O sırada aç ve susuzdum ama açlığımı da susuzluğumu da unutmuştum, bütün varlığımı onlara kaptırmıştım, bekledim ve öğle namazımı onlarla beraber eda ettim. İkindi zamanımı da kıldım, der İbn Hafif (k.s). Bana hitaben,
-Ey İbn Hafif! Biz felaketteyiz, bizde nasihat edecek lisan olmaz. Felaketzedelere nasihat edecek, olan bir kimse lazım, dedi.
Kendi kendime,
-Bana nasihat etmeleri için nasıl bir yemin versem? Diye düşünüyordum. Genç yine başını kaldırarak dedi ki:
-Öyle bir kimsenin sohbetine talip ol ki, onu görmek sana Hak Teâlâ’yı hatırlatsın, heybeti gönlüne düşsün, sana kâl diliyle değil, hal diliyle öğüt versin!”
İbn Hafif (k.s) verilen nasihatler kendisine olduğu kadar da, umuma edilmiştir ve çıkarmamız gereken dersler vardır. Birinci ders, insanların boşa harcayacakları bir vakit yoktur. Bu durum kıssada birazda mübalağa diliyle ifade edilmiştir. Nitekim Hz. Allah (cc), Kur’an-Kerim’de şöyle buyurmuştur:
“Ve o müminler ki, onlar her lüzumsuz şeyden yüz çevirirler.”
İkinci nasihat ise, ilim meclislerinde bulunmak ve sohbet haklarına katılmaktır.

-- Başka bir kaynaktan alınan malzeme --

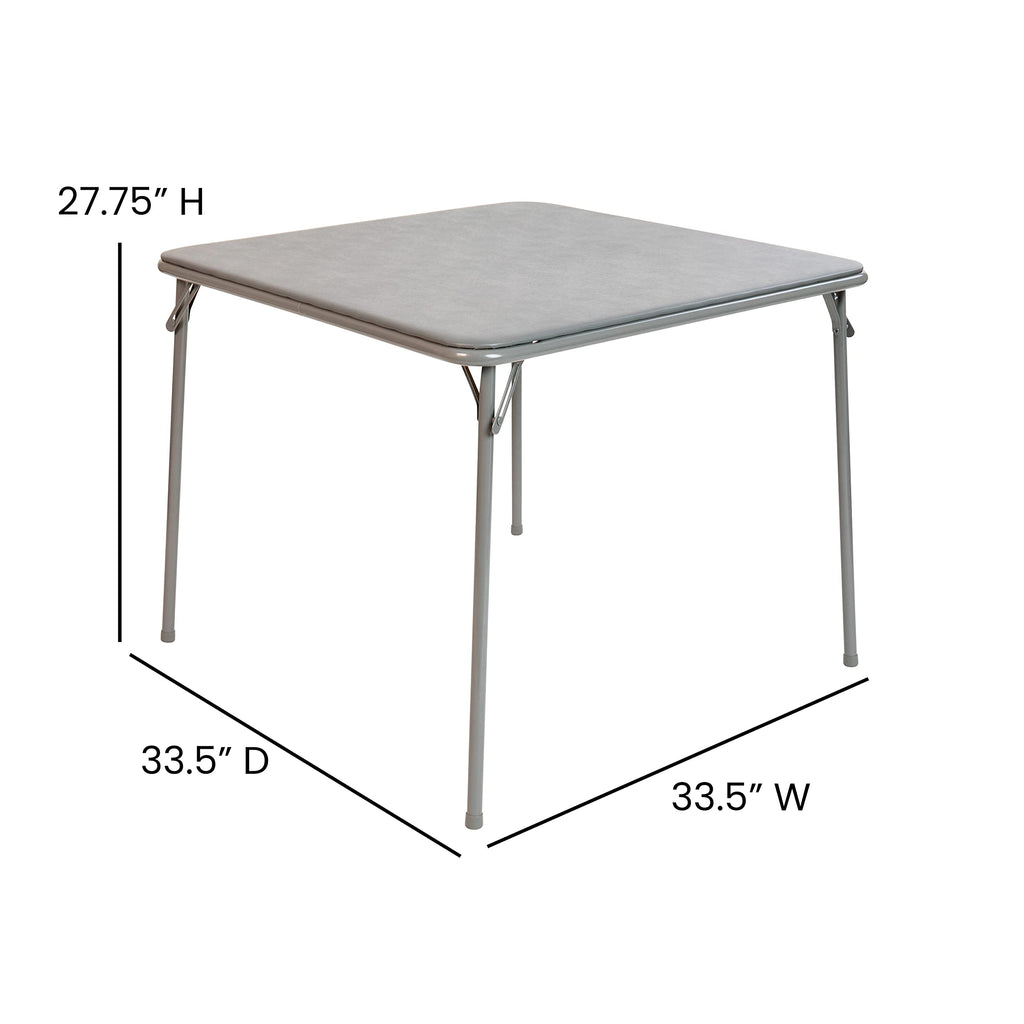 Flash Furniture Madelyn 33.5" Square Folding Multipurpose Card Table with Padded Vinyl Top, Portable Folding Game Table for 4 Players, Gray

Bu halkaların kurulmasına vesile olan kişilerin vasıflarını saymıştır. Bu vasıflar, İslam’ı hakkıyla yaşabilen ve Allah’tan razı olmuş kimselerdir. Bu kimselerden Allah’ta razıdır ve onları sevmek Allah’la dostluk kurmak için en güzel vesilelerdir. Bu sohbet hakları Asr-ı Saaddetten beri kurula gelmiş, Orta Asya’ya, Afrika’ya, Anadolu’ya ve buralardan cümle cihana yayılmıştır. Bu ilim silsilesinin kimisi kendisine Yesevviye, kimisi Kadiri, kimisi Nakşibendi demiştir. Allah dostlarının sohbetlerine katılmanın önemini İmam-ı Rabbani (k.s) şöyle açıklıyor:
“Sohbetin fazileti, bütün faziletlerin üstündedir. Büyüklerin sohbetlerini ganimet bilmelidir. Kırk gün içinde ilim sohbetinde bulunmayan kimsenin kalbi kararır. Büyük günah işlemeye başlar; çünkü ilim kalbe hayat verir. İlimsiz ibadet olmaz”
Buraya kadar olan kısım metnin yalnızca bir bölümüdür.